In the case of the GOP, there’s also a lot of infighting. No one quite dares to really take Trump on. The field is too fragmented. [Florida Gov. Ron] DeSantis has proved spectacularly ineffectual. So as a result of that kind of infighting and fragmentation, you again see a parallel to Trump. And all of the courtrooms will now provide Trump with a perfect stage to present himself very cleverly as a victim of the deep state and as an embodiment of how supposedly half of America is being victimized.
What lessons can politicians today learn from that history in terms of how to handle Trump as he goes on trial?
The lesson that the Bavarian establishment learned is that they really burned their fingers in accepting someone like Hitler. Hitler could only stage the coup because of the [support of] the traditional Bavarian establishment. The Bavarian establishment learned that you cannot weaponize, you cannot control people like Hitler — or today, Trump. As a result of that, they went back to more mainstream conservative politics and rejected right-wing extreme populism and demagoguery. Interestingly, in 1933, Bavaria was really the last German state to fall to the Nazis.
So I guess the lesson here would be that it is a mistake to think that it actually helps the GOP to rely on a populist like Trump, when ultimately, people like Trump are destroying rather than saving the GOP.
Is it too late for the GOP to learn that lesson?
It’s difficult to tell. We can hope that it’s not too late, that the GOP can be saved. I think we should also not underestimate the resilience of the GOP and that there are a lot of people who keep their heads down at the moment who, if they team up, could potentially save the party. That is our best hope for both the GOP and for American democracy.

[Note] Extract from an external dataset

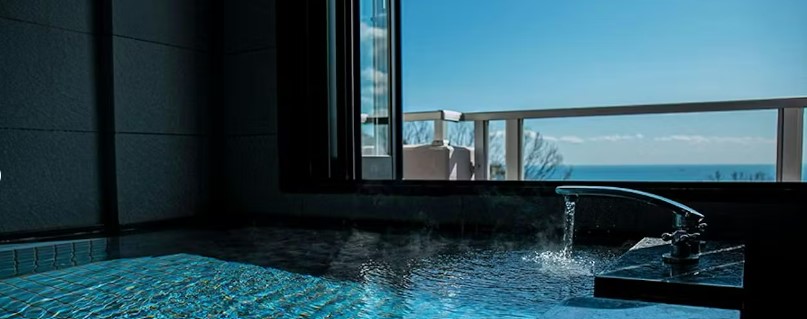 デラックスビューバス205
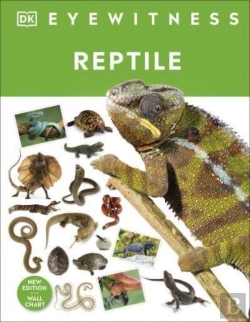 Bertrand.pt - Reptile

More importantly, it’s always easy to just kind of point at particular politicians or at a party. But all of that is a symptom of a much bigger crisis. It’s a crisis of erosion of what one could call pre-political values — and in the collapse of values like trust, decency, that you act with empathy even toward adversaries — and all those values have been eroding across American society and the Western world, not just on one side of the political divide. They have just had more disastrous consequences for the time being on one side of the political divide.
Unless we get that under control — and that is really up to civil society — we won’t be able to save Western democracy in any country. It’s a much bigger challenge.